Peace,
Perfect Peace
John
14:25-27
Peace! Sometimes it
feels unattainable. In the midst of
political wrangling, armed conflict in the world’s hotspots, mass shootings in
schools, workplaces—even churches, infighting between denominations within the
church, how can we have even a hope of peace?
We may feel external peace is impossible, and we are
likely right. We cannot control the
people who feel it necessary to fight for what they believe—even considering it
acceptable to kill noncombatants to make their point. Useless political wrangling will continue
until our legislators and government leaders realize that only through working
together (it’s called compromise) can
anything meaningful be accomplished for the people they purport to serve. Senseless shootings will continue until we as
a nation decide to do something sensible about the number and types of guns
which are far too available to those who should not be armed.
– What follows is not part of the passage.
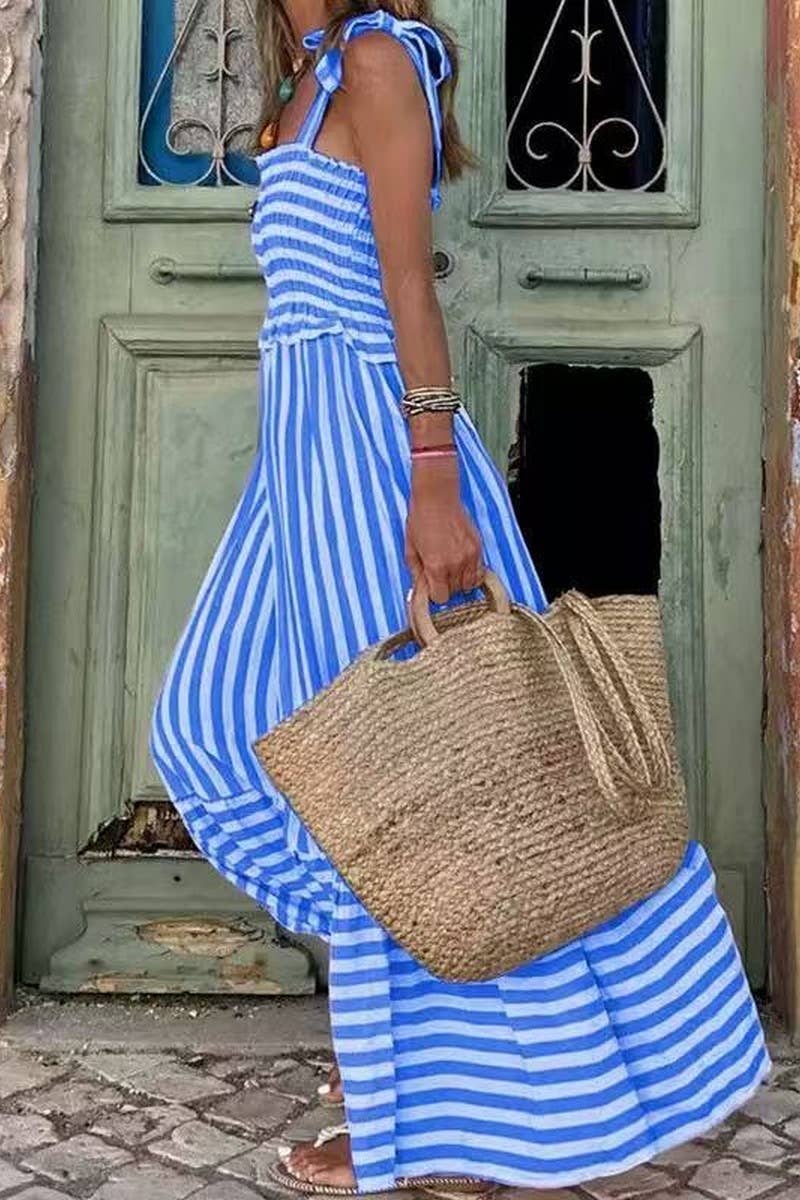 STRIPED MAXI DRESS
Meanwhile, what can we do? We must live in this world. There are few places we can go to escape the
“bitterness and wrath and anger and clamor” (Ephesians 4:31) that surrounds
us. Most of us cannot retire to
monasteries or convents or other places where a person can live in peace. We must remain in the society where we are,
for this is where our families are, where our careers are, where our hearts
are. Even if we could escape most of us
would find the price too high.
Several quotes I have come across recently may help
define the problem. In most cases they
deal with inner peace—perhaps the only kind we have any hope of attaining.
“For peace of mind, resign as general manager of the
universe.” So says Larry Eisenberg—and
he’s right. Too many of us feel we must
control everything around us. We are the
only ones who can make the universe operate.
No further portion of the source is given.